_What is required_
In the material below, the lines between the one holding "Vans Slip-On V Bee Bee BLACK/YELLOW" and the one holding "Slim External Cd", inclusive, are to be set down word for word. Pictures stay out.

_Available data_
[Start of Attachment]
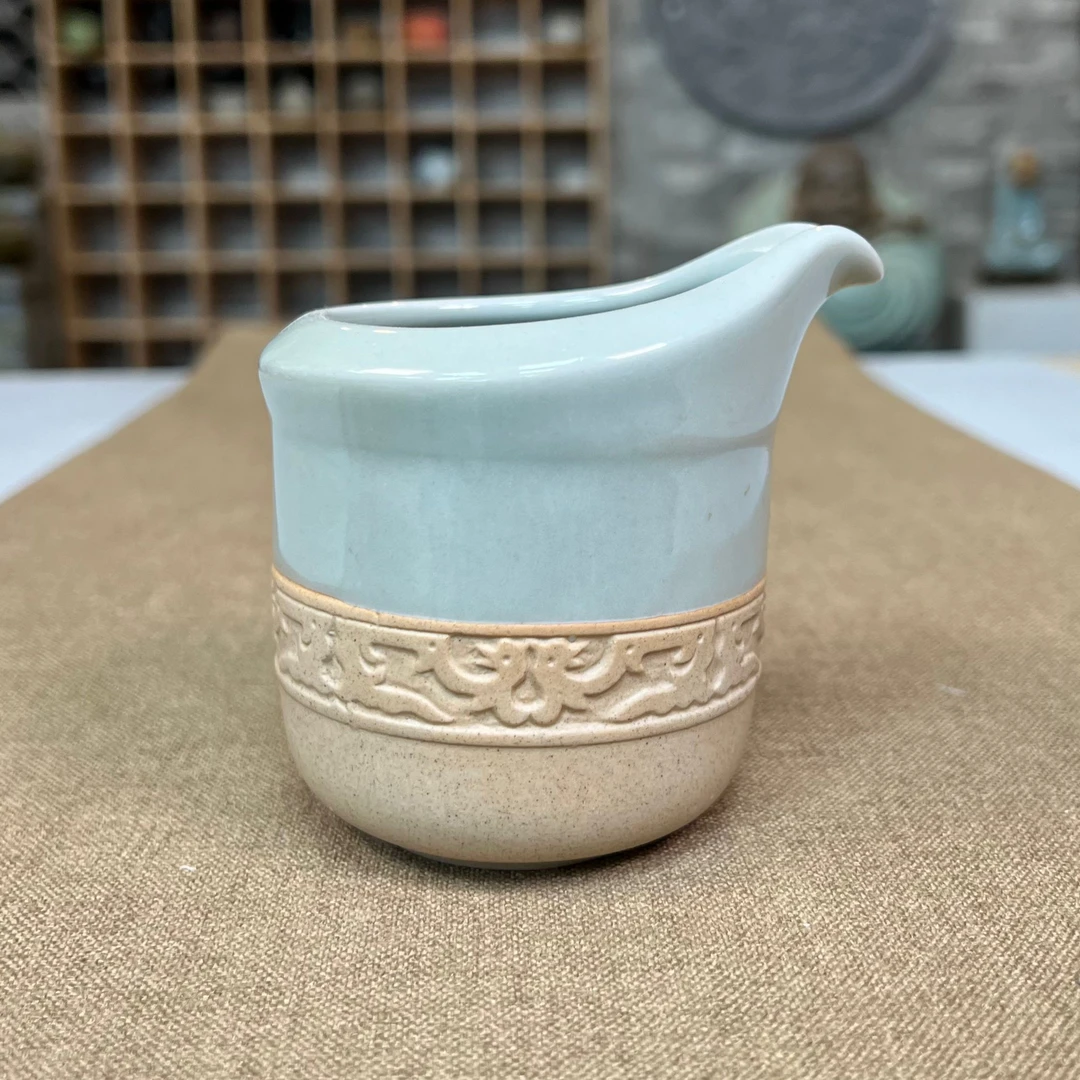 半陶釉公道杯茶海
[End of Attachment]
[Start of Attachment]
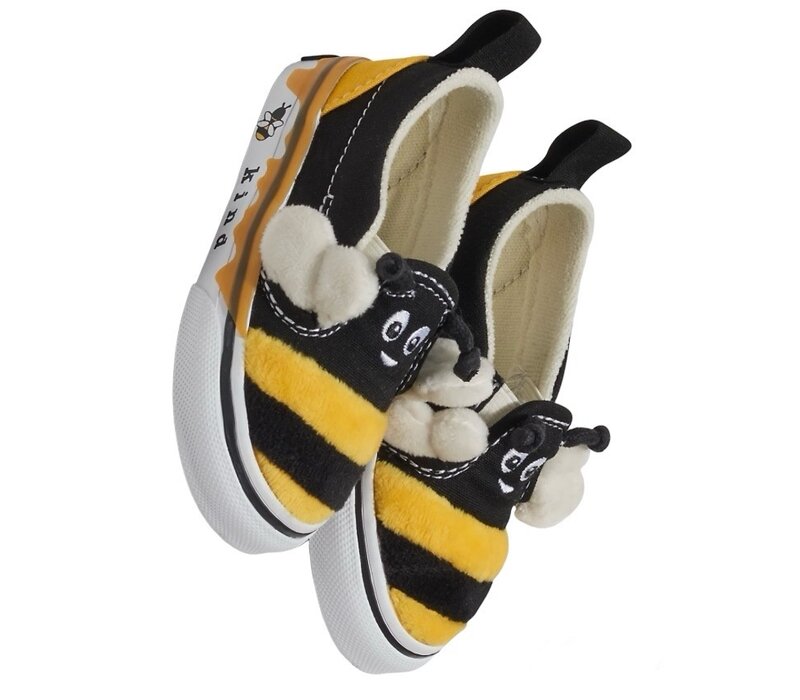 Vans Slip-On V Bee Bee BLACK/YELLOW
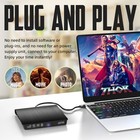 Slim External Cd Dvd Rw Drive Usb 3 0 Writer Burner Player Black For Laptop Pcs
[End of Attachment]
[Start of Attachment]
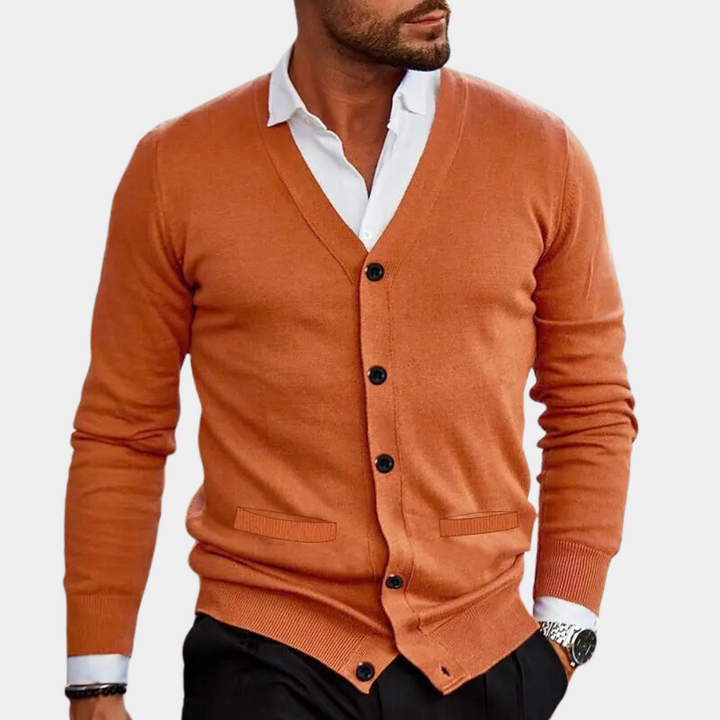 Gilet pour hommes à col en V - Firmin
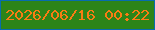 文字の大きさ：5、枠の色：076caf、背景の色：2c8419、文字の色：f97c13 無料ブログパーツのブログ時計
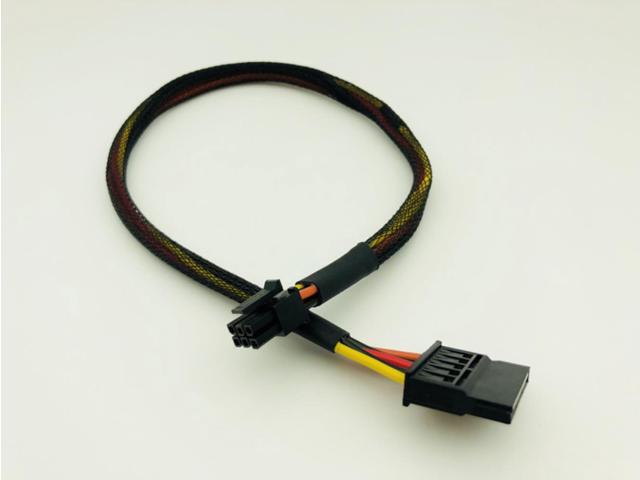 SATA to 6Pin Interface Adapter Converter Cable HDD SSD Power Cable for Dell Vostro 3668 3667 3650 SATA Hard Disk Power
[End of Attachment]
_Answer box_
 Vans Slip-On V Bee Bee BLACK/YELLOW
 Slim External Cd Dvd Rw Drive Usb 3 0 Writer Burner Player Black For Laptop Pcs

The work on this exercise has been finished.